<<<<
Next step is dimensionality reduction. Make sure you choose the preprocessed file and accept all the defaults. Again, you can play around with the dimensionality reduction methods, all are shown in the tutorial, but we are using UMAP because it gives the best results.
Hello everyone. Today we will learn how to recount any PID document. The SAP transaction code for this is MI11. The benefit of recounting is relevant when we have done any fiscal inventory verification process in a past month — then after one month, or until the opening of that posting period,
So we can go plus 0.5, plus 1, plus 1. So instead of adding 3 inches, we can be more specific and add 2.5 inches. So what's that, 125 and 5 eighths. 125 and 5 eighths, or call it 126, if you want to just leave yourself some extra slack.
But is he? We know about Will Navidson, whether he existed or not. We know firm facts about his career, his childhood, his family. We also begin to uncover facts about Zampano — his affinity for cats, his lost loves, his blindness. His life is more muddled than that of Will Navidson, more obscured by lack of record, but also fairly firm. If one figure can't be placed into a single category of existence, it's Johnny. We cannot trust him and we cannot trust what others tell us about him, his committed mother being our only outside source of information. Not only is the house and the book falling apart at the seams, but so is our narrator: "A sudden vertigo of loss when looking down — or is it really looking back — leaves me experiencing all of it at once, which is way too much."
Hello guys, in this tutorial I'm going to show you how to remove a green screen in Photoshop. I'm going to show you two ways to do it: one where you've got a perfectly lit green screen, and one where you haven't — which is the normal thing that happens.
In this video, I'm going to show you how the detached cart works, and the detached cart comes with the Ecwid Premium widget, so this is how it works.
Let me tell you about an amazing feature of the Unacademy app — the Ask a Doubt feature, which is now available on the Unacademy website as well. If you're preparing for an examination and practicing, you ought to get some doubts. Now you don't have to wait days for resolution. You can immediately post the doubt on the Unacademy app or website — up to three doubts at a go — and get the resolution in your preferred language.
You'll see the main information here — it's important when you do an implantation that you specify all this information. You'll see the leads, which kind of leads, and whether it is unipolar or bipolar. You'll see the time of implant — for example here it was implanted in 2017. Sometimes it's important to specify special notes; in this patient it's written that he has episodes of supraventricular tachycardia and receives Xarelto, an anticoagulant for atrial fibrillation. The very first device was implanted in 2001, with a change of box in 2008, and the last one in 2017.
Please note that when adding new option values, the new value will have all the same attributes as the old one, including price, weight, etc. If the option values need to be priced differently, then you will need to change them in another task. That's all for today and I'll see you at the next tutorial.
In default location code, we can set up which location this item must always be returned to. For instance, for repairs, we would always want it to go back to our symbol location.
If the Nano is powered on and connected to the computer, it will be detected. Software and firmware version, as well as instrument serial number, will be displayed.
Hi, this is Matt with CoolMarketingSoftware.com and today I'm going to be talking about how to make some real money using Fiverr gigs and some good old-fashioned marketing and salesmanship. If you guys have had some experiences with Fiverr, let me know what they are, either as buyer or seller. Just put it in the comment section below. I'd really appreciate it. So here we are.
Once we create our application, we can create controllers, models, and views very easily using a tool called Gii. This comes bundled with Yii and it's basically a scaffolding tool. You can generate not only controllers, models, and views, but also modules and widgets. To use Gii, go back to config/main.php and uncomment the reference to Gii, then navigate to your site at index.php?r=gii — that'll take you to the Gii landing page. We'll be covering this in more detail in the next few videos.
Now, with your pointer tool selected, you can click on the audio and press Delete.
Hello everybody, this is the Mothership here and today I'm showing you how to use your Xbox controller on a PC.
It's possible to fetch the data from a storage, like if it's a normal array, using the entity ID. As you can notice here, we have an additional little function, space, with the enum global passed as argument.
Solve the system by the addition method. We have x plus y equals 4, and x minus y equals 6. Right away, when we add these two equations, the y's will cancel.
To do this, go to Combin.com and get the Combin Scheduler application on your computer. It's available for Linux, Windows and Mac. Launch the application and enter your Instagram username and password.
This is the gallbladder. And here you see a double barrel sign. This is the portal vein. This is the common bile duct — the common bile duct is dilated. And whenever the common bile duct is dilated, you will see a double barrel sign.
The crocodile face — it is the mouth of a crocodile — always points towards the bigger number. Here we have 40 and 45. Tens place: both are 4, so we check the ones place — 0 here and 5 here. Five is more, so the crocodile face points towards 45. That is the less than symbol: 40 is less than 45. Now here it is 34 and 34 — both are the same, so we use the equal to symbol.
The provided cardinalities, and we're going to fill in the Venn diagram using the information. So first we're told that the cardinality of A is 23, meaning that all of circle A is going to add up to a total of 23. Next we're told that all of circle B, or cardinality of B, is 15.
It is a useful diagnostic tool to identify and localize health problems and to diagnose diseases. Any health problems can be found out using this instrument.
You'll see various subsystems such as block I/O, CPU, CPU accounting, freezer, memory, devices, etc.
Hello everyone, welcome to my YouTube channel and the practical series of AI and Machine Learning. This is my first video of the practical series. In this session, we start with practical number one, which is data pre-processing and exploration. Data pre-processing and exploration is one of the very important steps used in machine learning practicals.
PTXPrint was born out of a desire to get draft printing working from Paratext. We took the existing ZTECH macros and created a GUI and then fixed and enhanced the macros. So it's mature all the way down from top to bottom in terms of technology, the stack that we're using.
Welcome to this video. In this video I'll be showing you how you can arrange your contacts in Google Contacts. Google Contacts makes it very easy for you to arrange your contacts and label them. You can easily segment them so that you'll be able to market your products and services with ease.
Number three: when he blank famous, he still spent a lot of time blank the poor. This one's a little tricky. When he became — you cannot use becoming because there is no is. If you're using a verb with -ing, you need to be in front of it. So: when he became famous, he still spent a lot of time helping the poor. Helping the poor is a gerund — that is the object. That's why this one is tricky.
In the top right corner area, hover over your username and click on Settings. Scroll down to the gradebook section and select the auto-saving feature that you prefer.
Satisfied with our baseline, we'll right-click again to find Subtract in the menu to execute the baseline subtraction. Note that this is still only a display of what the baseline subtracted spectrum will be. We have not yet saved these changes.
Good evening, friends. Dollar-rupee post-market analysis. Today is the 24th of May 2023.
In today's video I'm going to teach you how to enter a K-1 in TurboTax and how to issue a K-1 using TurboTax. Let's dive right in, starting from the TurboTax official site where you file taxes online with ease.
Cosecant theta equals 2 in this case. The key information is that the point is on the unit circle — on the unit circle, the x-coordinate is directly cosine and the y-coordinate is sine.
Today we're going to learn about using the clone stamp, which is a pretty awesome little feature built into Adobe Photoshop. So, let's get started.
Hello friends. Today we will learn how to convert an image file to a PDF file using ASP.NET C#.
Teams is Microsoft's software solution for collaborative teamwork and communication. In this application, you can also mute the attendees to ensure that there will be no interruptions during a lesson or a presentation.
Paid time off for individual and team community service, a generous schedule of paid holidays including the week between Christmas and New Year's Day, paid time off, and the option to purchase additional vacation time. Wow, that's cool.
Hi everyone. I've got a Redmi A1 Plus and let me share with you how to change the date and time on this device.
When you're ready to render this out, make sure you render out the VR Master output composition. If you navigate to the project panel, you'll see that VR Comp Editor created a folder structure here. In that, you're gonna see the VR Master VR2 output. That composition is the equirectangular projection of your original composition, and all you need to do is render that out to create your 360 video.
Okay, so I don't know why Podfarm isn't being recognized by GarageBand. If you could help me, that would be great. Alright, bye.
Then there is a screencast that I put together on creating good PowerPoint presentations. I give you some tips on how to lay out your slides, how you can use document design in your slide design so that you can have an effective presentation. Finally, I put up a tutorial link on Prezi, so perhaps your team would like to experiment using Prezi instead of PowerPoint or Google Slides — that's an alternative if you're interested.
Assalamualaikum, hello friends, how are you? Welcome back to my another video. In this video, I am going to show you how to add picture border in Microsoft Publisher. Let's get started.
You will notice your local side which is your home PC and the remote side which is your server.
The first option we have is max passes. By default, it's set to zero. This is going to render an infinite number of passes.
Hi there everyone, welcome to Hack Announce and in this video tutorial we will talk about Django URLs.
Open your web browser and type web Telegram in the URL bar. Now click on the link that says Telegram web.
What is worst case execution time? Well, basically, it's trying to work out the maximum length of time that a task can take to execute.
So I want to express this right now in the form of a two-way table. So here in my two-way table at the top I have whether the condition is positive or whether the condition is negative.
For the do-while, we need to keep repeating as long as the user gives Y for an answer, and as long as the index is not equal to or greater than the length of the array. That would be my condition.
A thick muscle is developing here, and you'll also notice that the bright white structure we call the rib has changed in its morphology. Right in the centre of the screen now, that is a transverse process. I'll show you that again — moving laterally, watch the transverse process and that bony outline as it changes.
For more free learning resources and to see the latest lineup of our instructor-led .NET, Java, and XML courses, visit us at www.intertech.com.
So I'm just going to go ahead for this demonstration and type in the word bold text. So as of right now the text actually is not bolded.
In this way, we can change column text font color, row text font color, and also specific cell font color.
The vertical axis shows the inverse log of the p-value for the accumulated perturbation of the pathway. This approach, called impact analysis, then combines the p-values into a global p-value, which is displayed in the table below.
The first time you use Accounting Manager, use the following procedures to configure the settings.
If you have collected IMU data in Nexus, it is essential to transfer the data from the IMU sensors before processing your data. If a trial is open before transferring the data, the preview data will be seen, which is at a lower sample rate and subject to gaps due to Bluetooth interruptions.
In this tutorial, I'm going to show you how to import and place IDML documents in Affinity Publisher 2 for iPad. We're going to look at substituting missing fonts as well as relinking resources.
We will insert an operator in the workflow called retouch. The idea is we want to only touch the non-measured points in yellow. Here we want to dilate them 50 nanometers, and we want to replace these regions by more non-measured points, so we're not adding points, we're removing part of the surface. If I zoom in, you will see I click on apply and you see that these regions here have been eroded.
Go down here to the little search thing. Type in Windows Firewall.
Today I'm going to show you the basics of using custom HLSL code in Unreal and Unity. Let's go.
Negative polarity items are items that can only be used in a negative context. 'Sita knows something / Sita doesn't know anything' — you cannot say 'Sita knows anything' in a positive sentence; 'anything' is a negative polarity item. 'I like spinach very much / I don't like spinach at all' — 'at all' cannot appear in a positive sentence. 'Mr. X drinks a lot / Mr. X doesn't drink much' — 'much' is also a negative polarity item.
>>>>
◆ Task to complete: When the line with "Hi, this is" is reached in the data above, start copying there, and copy each line exactly until the line with "To do this, go" has been copied; copy nothing else.

◆ Task result:
Hi, this is Matt with CoolMarketingSoftware.com and today I'm going to be talking about how to make some real money using Fiverr gigs and some good old-fashioned marketing and salesmanship. If you guys have had some experiences with Fiverr, let me know what they are, either as buyer or seller. Just put it in the comment section below. I'd really appreciate it. So here we are.
Once we create our application, we can create controllers, models, and views very easily using a tool called Gii. This comes bundled with Yii and it's basically a scaffolding tool. You can generate not only controllers, models, and views, but also modules and widgets. To use Gii, go back to config/main.php and uncomment the reference to Gii, then navigate to your site at index.php?r=gii — that'll take you to the Gii landing page. We'll be covering this in more detail in the next few videos.
Now, with your pointer tool selected, you can click on the audio and press Delete.
Hello everybody, this is the Mothership here and today I'm showing you how to use your Xbox controller on a PC.
It's possible to fetch the data from a storage, like if it's a normal array, using the entity ID. As you can notice here, we have an additional little function, space, with the enum global passed as argument.
Solve the system by the addition method. We have x plus y equals 4, and x minus y equals 6. Right away, when we add these two equations, the y's will cancel.
To do this, go to Combin.com and get the Combin Scheduler application on your computer. It's available for Linux, Windows and Mac. Launch the application and enter your Instagram username and password.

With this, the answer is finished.